**Aim of the exercise:** Taking the line with "مراسم وداع و" as the first and the last line of the listing as the final one, please copy exactly those lines and no others, without pictures.

-- Opening Marker --

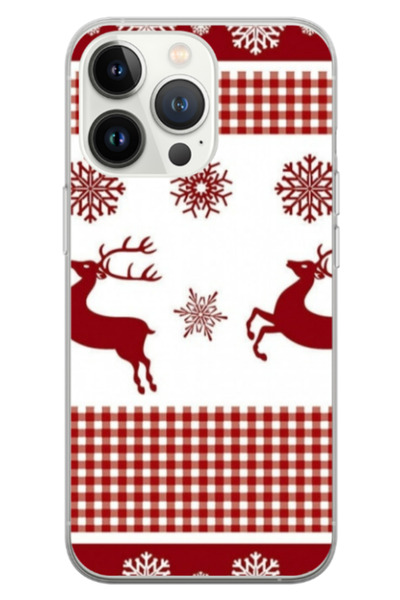 Atlas Προσωποποιημένη θήκη HQ Print για Apple iPhone 15 Pro, Reindeer #1, S1D...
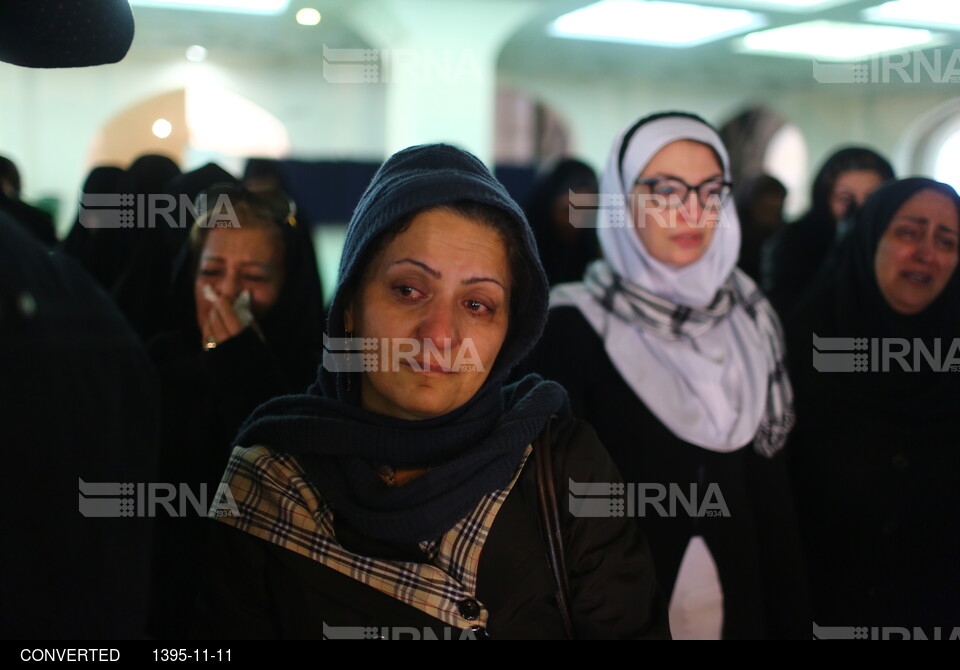 مراسم وداع و تشییع شهدای آتش نشان حادثه پلاسکو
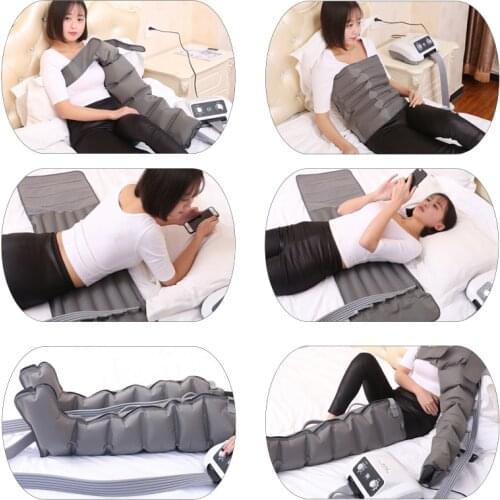 Electric Air Compression presoterapia Foot Massager Waist Leg Arm air pressure massager lymphatic massage machines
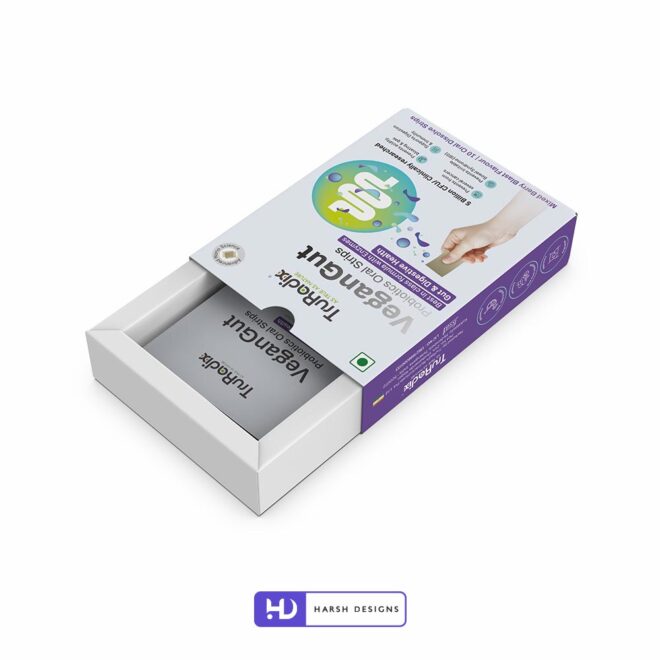 TruRadix Vegan Gur Probiotics Oral Strips Package Design, Product Design, Package Design and 3D Modeling Service in Hyderabad (1)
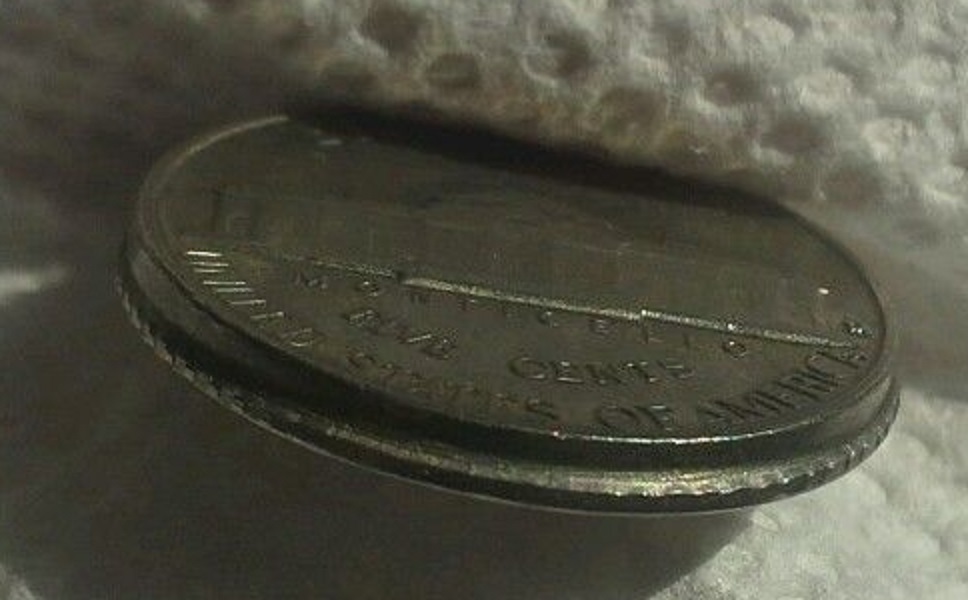 1962-Error-Nickle-With-Reeded-Edge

-- Closing Marker --

**Exercise answer:**
 مراسم وداع و تشییع شهدای آتش نشان حادثه پلاسکو
 Electric Air Compression presoterapia Foot Massager Waist Leg Arm air pressure massager lymphatic massage machines
 TruRadix Vegan Gur Probiotics Oral Strips Package Design, Product Design, Package Design and 3D Modeling Service in Hyderabad (1)
 1962-Error-Nickle-With-Reeded-Edge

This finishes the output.